Matt Dunafon, who is the general manager at Shotgun Willie's, a strip club about a block away, said the bar was not a place known for fights or commotion.
"There's never ... I've never heard of any gun situation or fights, I mean, it's a small place," he said.
Dunafon was close with the bar's owner, whom he described as a "house mother" for people who worked late because she would stay open until 2 a.m. making food and serving drinks.
Dunafon described Young Fero as a tiny Korean-American woman who worked hard.
"I can't see anyone being very mad at her and her not being able to handle things because she did everything. She cooked, bussed, bartended, waitressed, everything," Dunafon said.
"Whenever I think of Fero's, you know, it's not even Fero's. It's Young. 'Let's go see Young.' I don't think anyone even says Fero's, we just think of Young," Dunafon said. "That's our place to go, or it was anyway."
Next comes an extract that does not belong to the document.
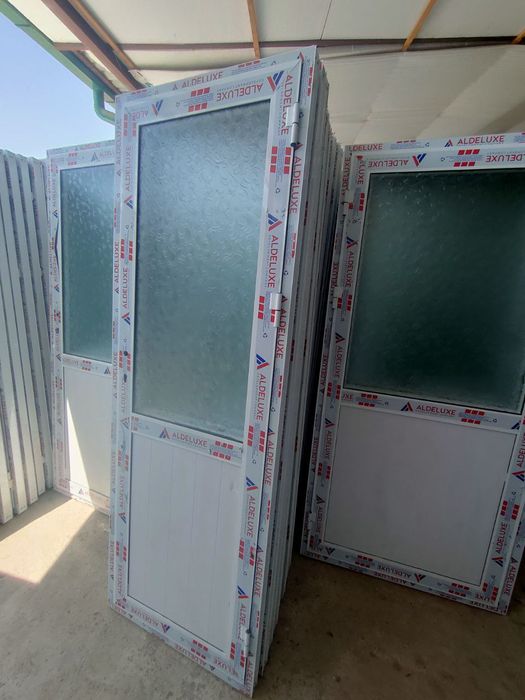 Двери Алиминивые готовые разные варианты разные размеры есть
Young Fero's estranged husband, Danny Fero, said he bought the bar years ago but now she owned the bar and her gray Volvo was still parked in front of the restaurant Wednesday morning.
Danny Fero said he found out about the fire when he "woke up and saw it on the news first thing.”
He said he and his wife have not been together since 1998 and they do not live together, although they never divorced.
Dunafon said news of the killings "scares the hell out of me." He said that kind of killing could happen at any bar open late and is rethinking security at Shotgun Willie's. He doesn't believe the incident is a result of a robbery or a fight gone badly.
"That doesn't seem like a random act of violence or a robbery. It seems like, 'I'm going to get you!' and I just don't know ... I sure as hell hope they catch the people that did it though," Dunafon said. "I'm really, really missing her already. Young had such a way about her."
Chris Brady, a regular poker player at Fero's, told 7NEWS he was playing until 11 p.m. Tuesday night and everybody was having a great time and there were no problems.
Brady said he's very fond of Young Fero, who always had his pre-ordered meal ready when he arrived.
"She never took guff from anyone, but she was the sweetest woman," Brady said.
Thousands of people drive by Fero's Bar and Grill every day. It is on Colorado Boulevard, near Alameda, across from Target and Wells Fargo.
Colorado Boulevard was closed between Alameda and Virginia Avenues for several hours as part of the investigation, but it reopened at 6:30 a.m.
Police asked anyone with information to call the Denver Police Department at 720-913-2000. Those who wish to remain anonymous call Crime Stoppers at 720-913-7867; or they can text CRIMES (274637) with the subject title DMCS and enter the message; or email metro-denvercrimestoppers.com.